I agree with this. In my experience, if your "good people" are running your business into the ground, you just didn't hire good people. The challenge is that hiring "good people" is incredibly difficult. It's also actually fairly hard to get released once onboard. If the company is in the black, even if growth is far below where a founder or investor wants to be, stakeholders are reluctant to make changes.

Baseball recruiters have the advantage that they can go watch a pitcher toss a few balls. For most roles in a company you can't get that direct knowledge of someone's skills prior to hiring. After hiring someone who is actually an expert needs to sit with the new hire and assess them critically.

As a founder, sit in the first several meetings with the new sales guy. Did they come prepared knowing who to talk to? What their budget likely was? What their pain points likely were? Did they hear what the client asked and respond accordingly? Or did they did misunderstand the domain, need, request, etc.? Did they leave with notes and follow-up items?

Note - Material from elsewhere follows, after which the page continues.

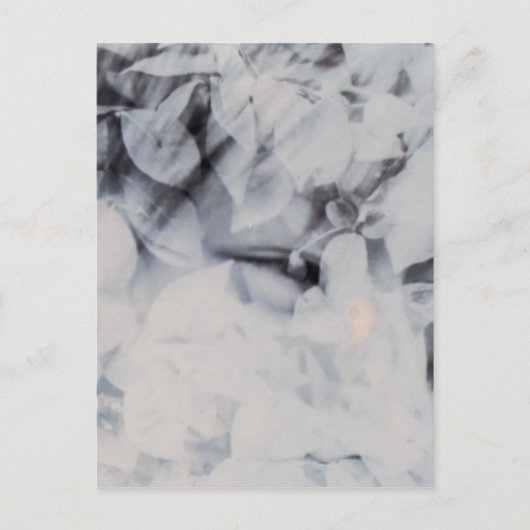 Krys Design Joy Briefkaart (Voorkant)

If you didn't come away impressed release them and move on. After 3 or 5 meetings you'll have confidence that they are the right fit.

After that, let them do their job and move on to addressing the next challenge. Once someone has shown themselves to be a good hire, protect them.

halfcat|1 year ago

> After that, let them do their job and move on

Yes, for the most part. But also: trust but verify

Figure out how much time you can spend on re-verifying, and do it in a random sampling basis. This will look different depending on the roles, but it’s whatever you need to do to verify, first-hand, the job is still being done correctly.

This will likely be a very small percent of your time, but the key is that it needs to be non-zero.

abhinai|1 year ago

Have you ever run a company or are you just sharing opinions based on what you “think” should be done?

baxtr|1 year ago

I’m afraid the whole piece is missing a framework like yours.

It looks very selectively at one successful category of enterprises and then generalizes this onto all.

But:

What about all those founder mode companies that went terribly wrong?

What about all the companies that function well in “non-founder” mode? Apple today is a perfect example.

I don’t think it’s about founder/non-founder either but about some underlying fundamental principles that PG hasn’t figured out yet.